Legal Issues Around Informal Labour in West African Tailoring Hubs
- The Fashion Law Institute Africa
- Apr 29
- 4 min read

As global interest in African fashion continues to surge, so too does the urgency of examining the legal and ethical structures underpinning production in West African tailoring hubs. Cities like Lagos, Accra, and Dakar have long been home to rich traditions of tailoring and textile work, often operating in the informal sector. This article explores the legal ambiguities between informal production, artisan work, and exploitative labour. It argues that without a legal rethinking of how labour is defined, valued, and protected in these settings, the fashion boom risks perpetuating new forms of inequality under the banner of “cultural appreciation.”
Between Recognition and Regulation
In the heart of Lagos' bustling Yaba market, rows of tailors bend over machines, cutting, sewing, and finishing garments for clients ranging from local brides to diaspora clients ordering via Instagram. Similar scenes unfold in Accra’s Makola Market and Dakar’s Medina district. A plethora of these tailoring hubs serve as the backbone of West African fashion brands.
While African fashion designers are being celebrated on global stages, little attention is given to the systems that support their supply chains. The informal sector, once dismissed as marginal, is now central to Africa’s fashion narrative. However, this rise in visibility has not been accompanied by a corresponding legal reckoning. As a result, West Africa’s tailoring economy sits in a legal vacuum: visible, valuable, but vulnerable.
Mapping the Informal Labour Economy in Fashion: What Makes Labour Informal?
Informal labour refers to economic activities that are not regulated or protected by the state. Workers often lack contracts, social protections, pension schemes, and enforceable rights. In West Africa, tailoring is predominantly informal: tailors often rent stalls, own a single sewing machine, employ apprentices, and cater to a local or regional clientele.
This model has cultural legitimacy and economic resilience but lacks legal recognition.
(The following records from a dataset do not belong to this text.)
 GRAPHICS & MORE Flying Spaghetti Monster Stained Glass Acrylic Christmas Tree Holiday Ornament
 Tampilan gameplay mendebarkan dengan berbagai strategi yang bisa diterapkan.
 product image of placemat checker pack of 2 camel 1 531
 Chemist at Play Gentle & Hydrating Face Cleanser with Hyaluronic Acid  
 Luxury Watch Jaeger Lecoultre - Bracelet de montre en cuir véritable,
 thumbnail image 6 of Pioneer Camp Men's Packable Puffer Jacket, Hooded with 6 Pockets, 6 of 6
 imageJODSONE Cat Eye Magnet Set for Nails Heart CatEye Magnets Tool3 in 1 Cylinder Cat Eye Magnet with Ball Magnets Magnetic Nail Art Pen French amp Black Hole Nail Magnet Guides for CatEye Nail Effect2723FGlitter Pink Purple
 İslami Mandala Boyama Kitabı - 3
A tailor may work twelve hours a day without access to healthcare, while their apprentice may work unpaid for years in exchange for "training" and occasional stipends. No contracts are signed. No labour laws are enforced.
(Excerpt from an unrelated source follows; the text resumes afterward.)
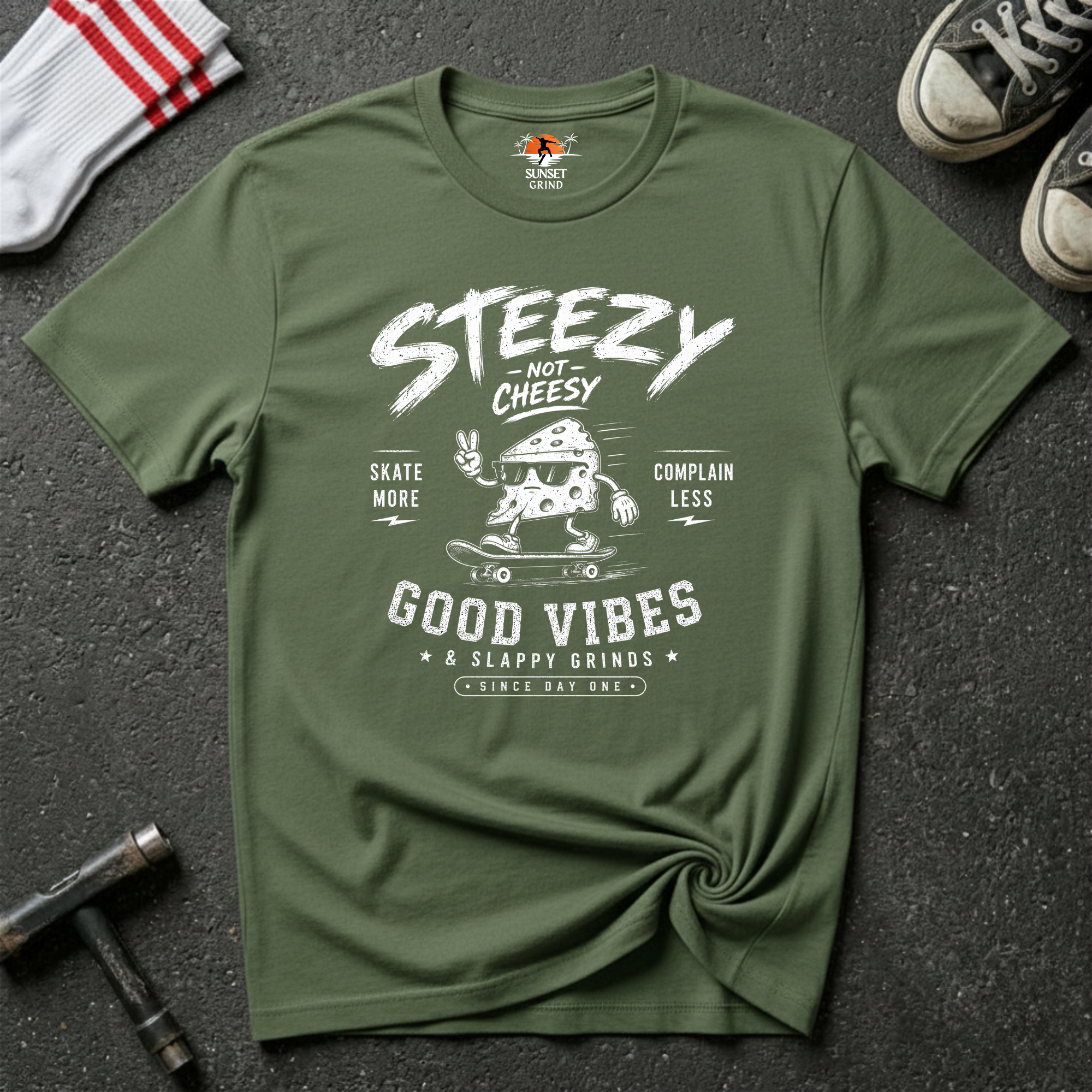 STEEZY NOT CHEESY T-Shirt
Artisan Work or Exploitation?
The line between heritage craft and exploitative labour is dangerously thin. Traditional apprenticeship systems are deeply respected in many African societies and serve as crucial mechanisms for skill transfer and social mobility. However, when these apprenticeships become a means to extract free labour under the guise of tradition, especially when tied to commercial production, there is a strong argument that legal intervention is necessary.
For example, in Lagos, it is not uncommon for young boys and girls, some as young as 12, to work in tailoring shops for 2–5 years with little to no pay. In return, they may receive a certificate or a second-hand sewing machine. While this may seem culturally normative, from a legal perspective, it raises serious concerns about child labour, wage theft, and the right to education.
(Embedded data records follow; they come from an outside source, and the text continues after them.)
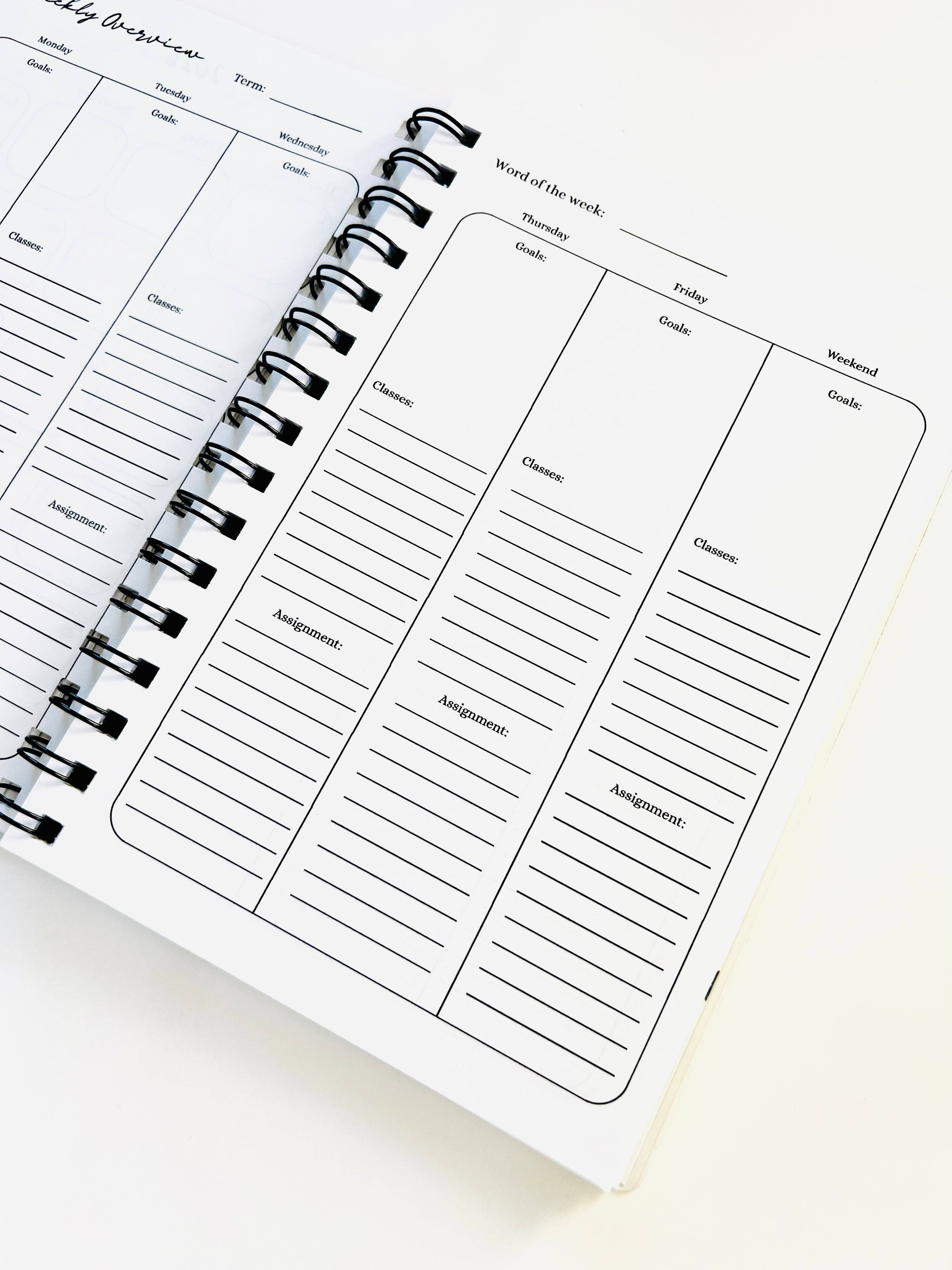 Thriving Stationery - Wholesale Planner - A5 -12 Month Student Planner Weekly Layout – Academic Planner for High School & College Students6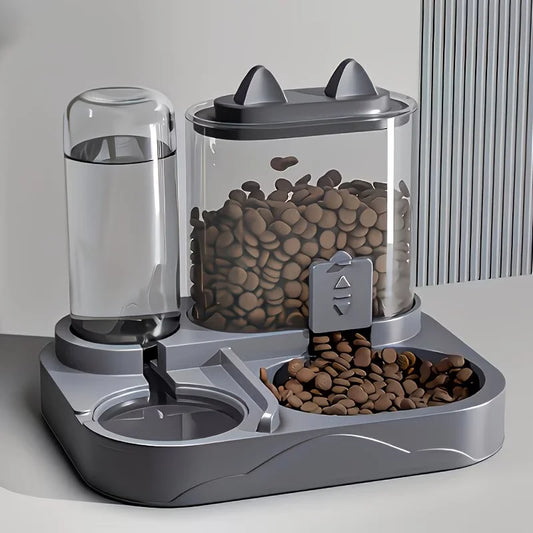 Dual Purpose Pet Feeder And Water Dispenser For Cats Dogs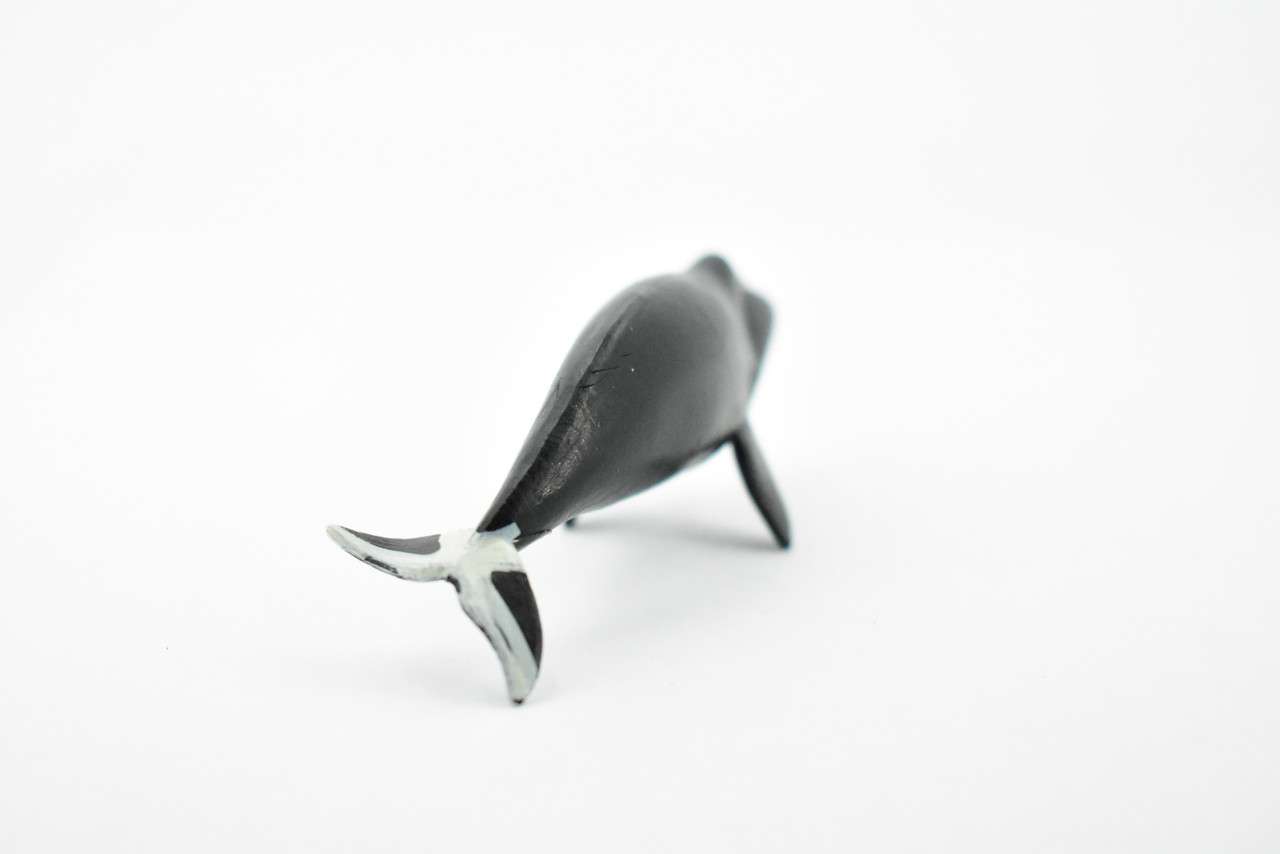 Bowhead Whale, Rubber Animal, Realistic Toy Figure, Model, Replica, Kids, Educational, Gift,       3 1/2"      CH409 BB108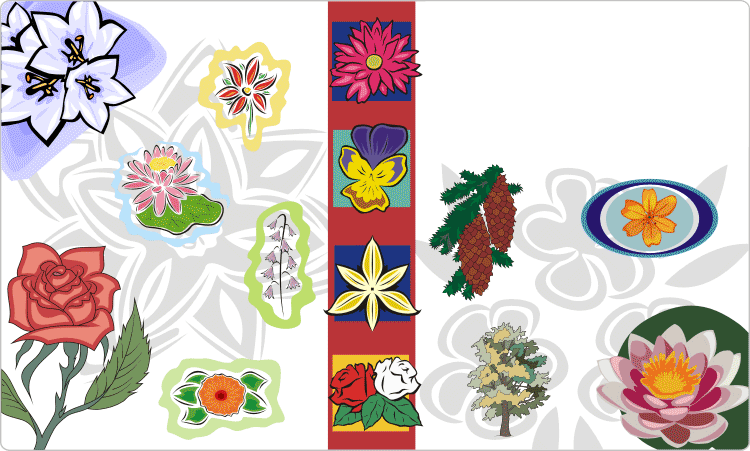 Flowers & Floral Art Designs - Flowers Clip Art (750x451), Png Download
National Legal Gaps: A Comparative Glance
Nigeria
Nigeria's Labour Act does not sufficiently address informal or apprenticeship labour in the tailoring sector. While there are general provisions about apprenticeship (e.g., Sections 49–52), enforcement is weak, and informal tailors rarely fall within the purview of state inspections. Many apprenticeships occur outside of any written agreement, making rights and obligations unclear and unenforceable.
Ghana
Ghana’s Labour Act (Act 651) does recognise informal labour and provides some guidance on fair treatment of apprentices under formalised conditions. However, the tailoring sector remains largely unregulated in practice. In Accra, informal tailors make up a large percentage of workers in the garment industry, but few are registered with Ghana’s National Board for Small Scale Industries.
Senegal
Senegal has made strides in recognising artisans under its Code du Travail, but enforcement is limited. Many tailors operate as part of the secteur informel, and while cooperatives exist, most workers remain outside formal protections. The traditional apprenticeship model is culturally respected but legally underdeveloped.
Global Spotlight, Local Shadows: The Ethics of Visibility
As African fashion becomes more visible globally, featured in Vogue, Fashion Weeks, and Netflix documentaries, the artisans producing these garments are not proportionately uplifted. Many are invisible in brand storytelling, unpaid or underpaid, and excluded from profits despite being essential to the product.
Brands, both African and international, often market “handmade” and “authentic” garments without disclosing labour conditions. The language of "empowerment" is frequently used in lieu of formal contracts or fair wages. As a result, the global fashion industry's embrace of African craft risks becoming another form of extraction.
Toward Legal Reform: Reimagining Protections for Informal Tailors
Legal responses must be ambitious and context-sensitive. A blanket push for formalisation may destroy the flexibility and cultural authenticity of tailoring hubs. Instead, what’s needed is a multi-layered approach:
Hybrid labour frameworks that accommodate traditional apprenticeships while ensuring minimum standards (e.g., fair working hours, education access for minors).
Recognition of cooperatives and unions as legal entities that can collectively negotiate rights and protections.
Micro-certification schemes to help informal tailors access new markets while incentivising ethical practices.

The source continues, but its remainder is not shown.